Zoo duidelijk hebben deze positieve ethische axiomata post gevat in het denkwezen der beschaafde volkeren, dat bij herhaling de toepassing ook wordt gebillijkt, wanneer slechts niet het eigenbelang zich tegen de erkenning dier rechtmatigheid verzet. De beschaafde naties hebben toegejuicht en zelfs
| |
| |
gesteund de revolutie in Turkije, waarbij de Turken hun nationale vrijheid herkregen door te dreigen, met de gewapende macht aan hun zijde, naar Constantinopel op te trekken. De beschaafde volkeren hebben toegejuicht de revolutionaire bewegingen in Rusland. Zij erkennen in hun leerboeken dat de fransche Revolutie een kultuur-keerpunt in de historie bracht. Maar dadelijk wordt de zuiverheid van het oordeel vertroebeld, wanneer eigenbaat in het spel komt.

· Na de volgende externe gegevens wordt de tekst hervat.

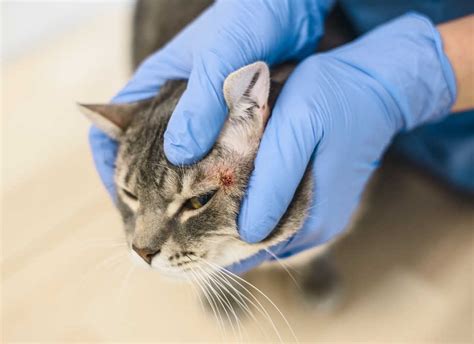 Great Home Remedies For Cat Scabs [GUIDE] – Paws Elite | lupon.gov.ph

De vroegere premier, het huidige parlementslid Balfour, kwam onlangs in een rede op tegen den eisch van Redmond van Home Rule voor Ierland, op grond dat de Ieren tot een ander ras zouden behooren als de engelsche overheerschers. Balfour verwierp dit beroep. Waren de premissen van Redmond juist, dan moest deze geen ‘Home Rule’ maar onafhankelijkheid eischen, verklaarde hij. Als Redmond zijn eischen baseert op rasverschil, en dat achtte Balfour een wettige basis, dan moet hij eischen volkomen afscheiding der beide rassen. Als zij twee rassen zijn, laten zij dan ook twee naties zijn. Wanneer de Ieren blijven volhouden dat zij een ander ras zijn dan de Engelschen, dan zijn zij gehouden om te eischen, die volkomen onafhankelijkheid, die volkomen afscheiding, waarvoor het rasverschil de logische basis is.

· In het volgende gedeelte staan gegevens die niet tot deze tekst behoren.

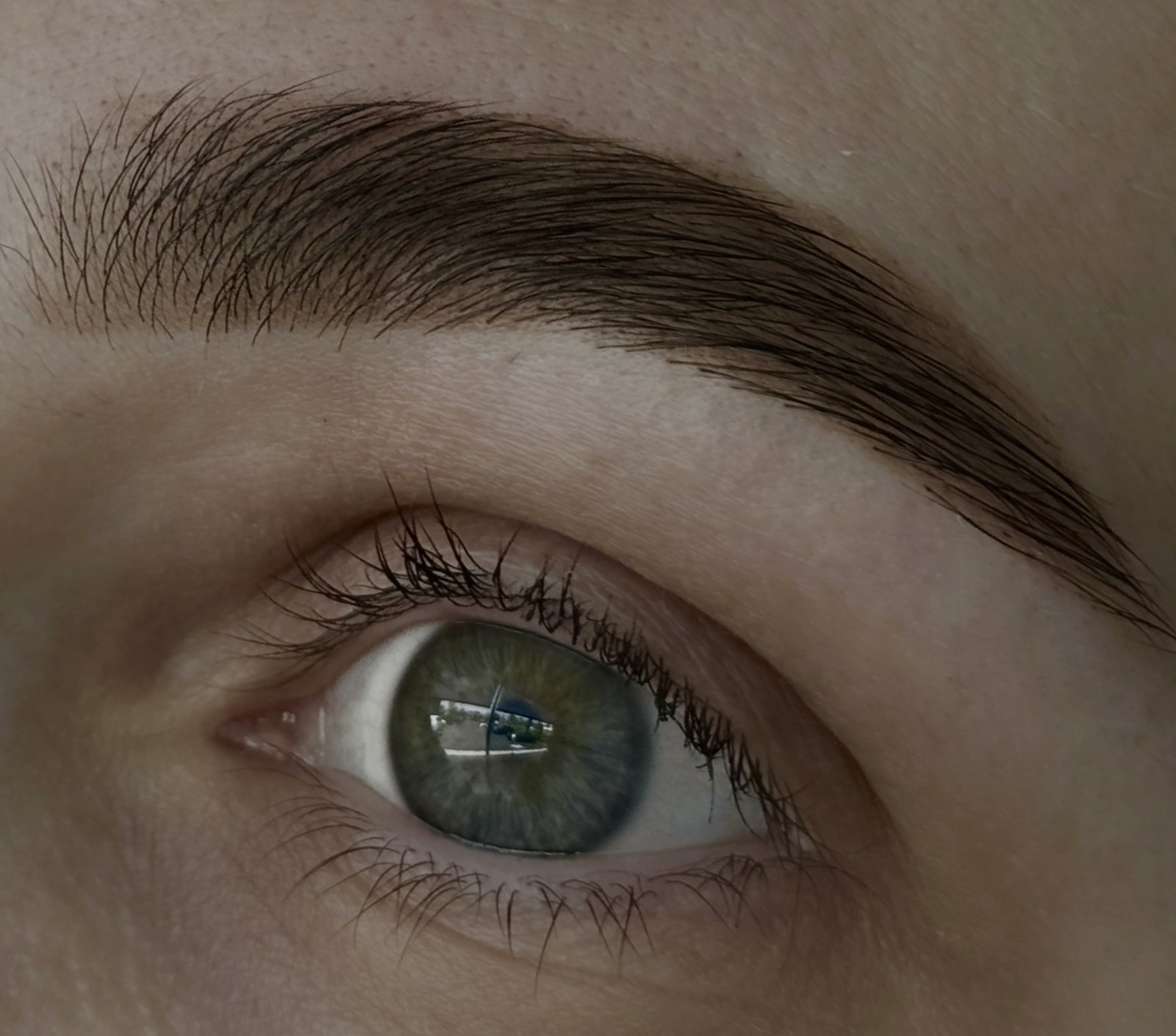 eyebrow-shaping-and-tinting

Zoo verklaarde de heer Balfour.
De indische extremisten weten uit al zulke uitlatingen in de gelederen hunner vijanden propagandistisch voordeel te putten. Er zal toch niemand zijn, betoogen zij, die beweren kan dat in de koloniale verhoudingen der europeesche volkeren tot de overheerschte volkeren in Azië of Afrika, die alles beheerschende ‘logische basis’ van het rasverschil niet bestaat. Toch zullen het er zeer weinigen zijn, die op grond hiervan elke poging van de overheerschten om zich vrij te maken van de overheersching billijken, en derhalve zich zouden willen onthouden van elke bestraffing van zulke billijke pogingen.

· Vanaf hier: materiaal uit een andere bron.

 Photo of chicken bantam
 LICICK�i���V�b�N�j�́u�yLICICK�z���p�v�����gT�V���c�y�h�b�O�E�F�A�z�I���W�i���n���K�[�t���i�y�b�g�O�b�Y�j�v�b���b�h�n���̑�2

Is men het over deze beginselen van recht en wet eens geworden, dan rest den extremisten na te gaan het wezen van het recht der verdediging. Het eene spruit logisch voort uit het andere. ‘Onrechtmatig bezit’ zoo wordt in de engelsche wet gecodificeerd, en het zal in de wetten-codice van andere beschaafde volkeren wel evenzoo zijn, is het verkrijgen van
| |
| |
bezit, waartoe de bezitverkrijgende niet wettig gerechtigd is. ‘Onrechtmatig verlies’ is het verlies, veroorzaakt door onwettige middelen ter verkrijging van bezit, waartoe de verliezende wettig gerechtigd is. De strafwet erkent het recht van verdediging van bezit, ook al veroorzaakt de uitoefening van dit recht in gevallen van roof enz. de moedwillige dooding van den euveldader, onverschillig welke middelen aangewend zijn om die dooding te veroorzaken.
Het zal wel niemand invallen om te ontkennen, dat wettig hier de beteekenis heeft van rechtmatig. Evenzeer is het derhalve echter duidelijk dat elke poging van een overheerscht volk om zich te vrijwaren voor onrechtmatig verlies, dan wel om onrechtmatig geleden verlies te herstellen, rechtmatig is en dus op ethische gronden onmogelijk strafbaar gesteld kan worden. Deze dingen zijn alle zoo heel eenvoudig, meenen de extremisten, dat het niet pleit voor de ethische ontwikkeling der overheerschende volkeren dat zij niettemin, desnoods met geweld, zich in het onrechtmatig verkregen bezit handhaven.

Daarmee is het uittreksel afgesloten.